In 1942 Samuel S. Stratton was directing war efforts in Washington, D.C., when Middlebury appointed him its 11th president. He began his tenure in the midst of World War II and in the wake of the trustee’s dismissal of one of Middlebury’s most beloved presidents, Paul D. Moody. When Stephen Freeman formally introduced the new president to the student body at chapel on January 7, 1943, Stratton faced an enrollment so low that Middlebury was considering dismissing faculty or even shutting down.
He deftly avoided disaster by securing a government contract on April 3, 1943, which provided for the establishment of a Navy V-12 Training Program on campus. The V-12 Program brought over 500 military recruits to campus to live in dorms and attend classes taught by Middlebury faculty and has been credited with saving the college.
The V-12 solution, however, placed great demands on the faculty. They managed heavy course loads with no commensurate pay raises, and the tension that resulted characterized their relationship with Stratton throughout the early post-war years.
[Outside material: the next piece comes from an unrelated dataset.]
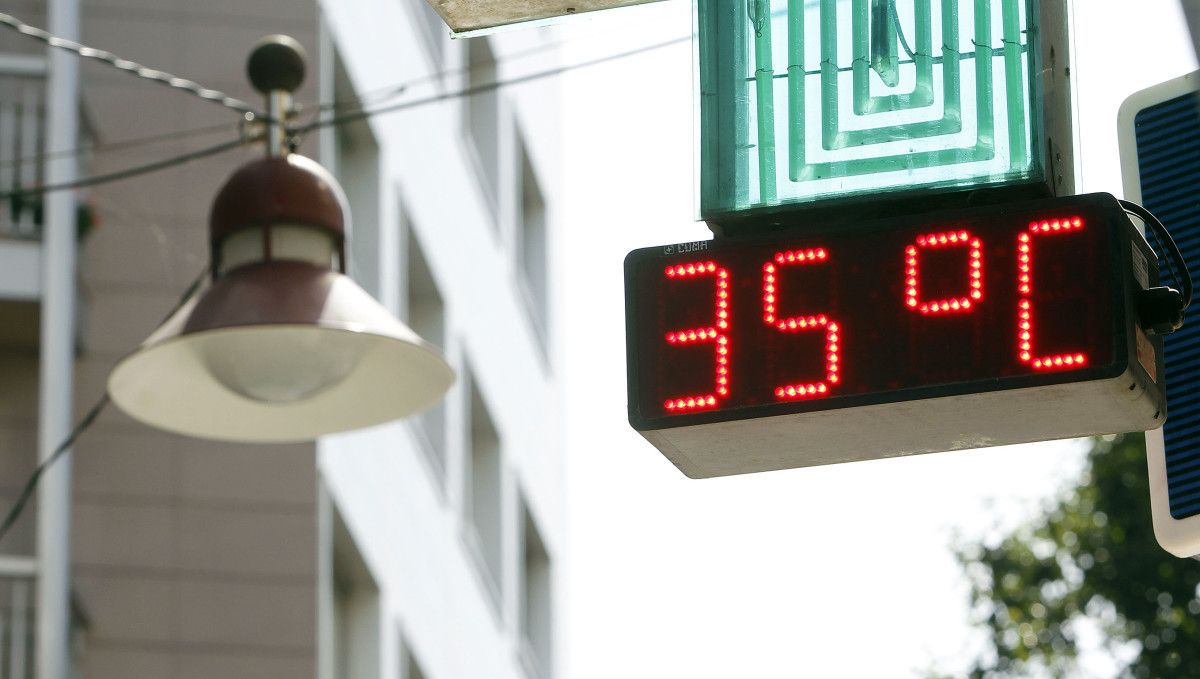 Termómetro en Pontevedra durante una ola de calor (archivo)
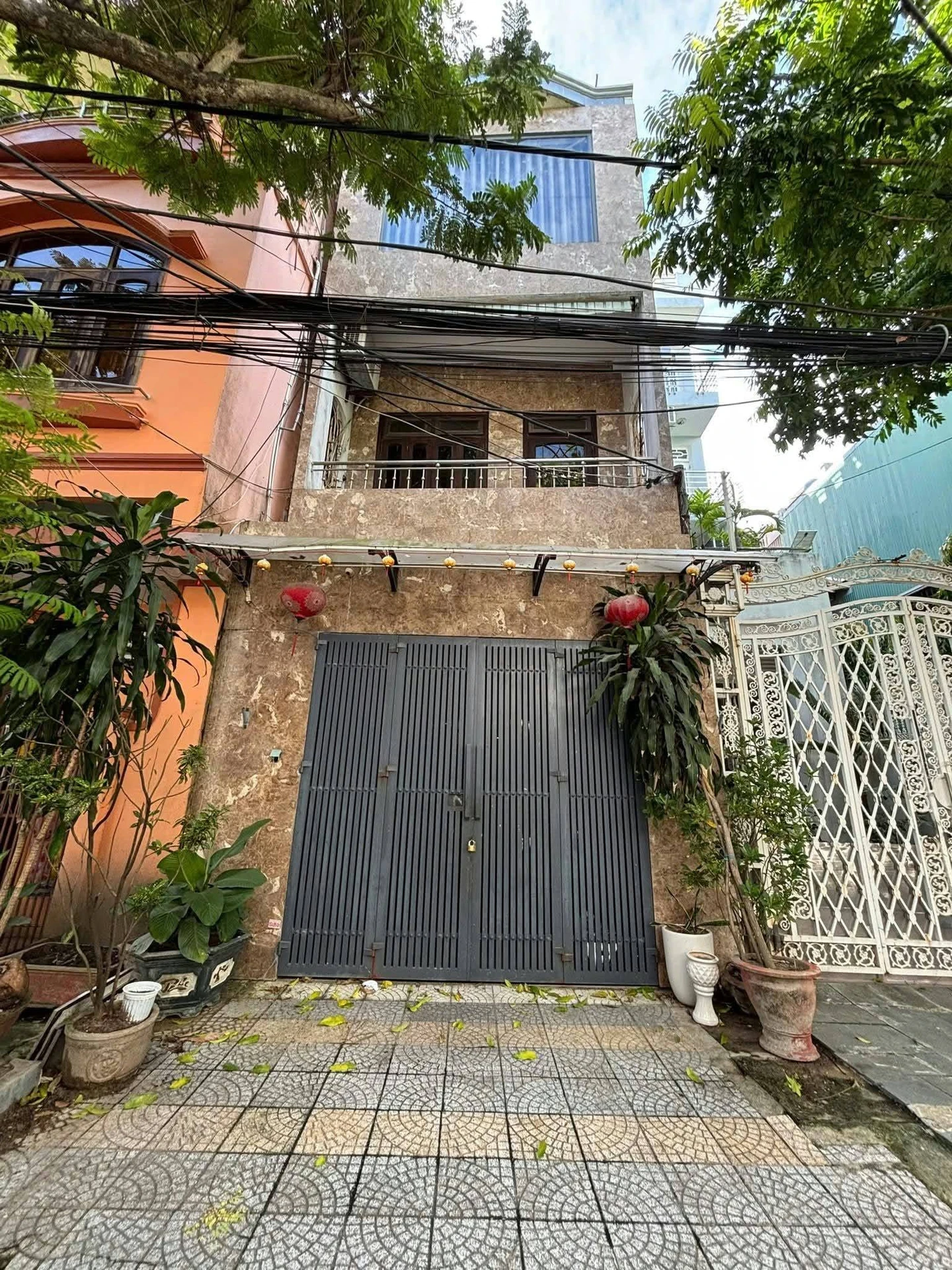 Cho thuê nhà 3 tầng mặt tiền 150m2, 6 phòng ngủ Q.1 - Ảnh 1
In 1945, at the end of the war, enrollment exploded, which taxed the limits of Middlebury’s campus, administration, and faculty. Stratton accepted the challenge to expand the undergraduate population, which meant that he had to build adequate facilities, nearly double the number of faculty, and build a whole new administrative team under severe financial and time constraints. Stratton’s decisive, timely, and innovative leadership answered the challenges of postwar growth, and by 1950 he began his most productive years as president.
During the Stratton years, the faculty grew from 65 to over 100, and salaries increased by nearly 153 percent, encouraging curricular reform and expansion. Student enrollment increased from 780 to 1317, and Stratton encouraged reducing student course requirements from 5 to 4 each semester. Two departments–fine arts and religion–were added to the curriculum; summer programs were expanded; and the Graduate Schools Abroad Program was instituted. The physical plant also increased dramatically after constructing eight major buildings and several major renovations. Indispensable to Stratton’s success was Walter Brooker ‘37, who in 1958 was hired as the college’s first full-time development and public relations officer.
By the end of Stratton’s presidency in 1963, the endowment had soared from less $4,800,000 to over $11,000,000, and Middlebury enjoyed a robust enrollment, greater stature, and a revitalized mission. Stratton died in 1969 just before his 71st birthday.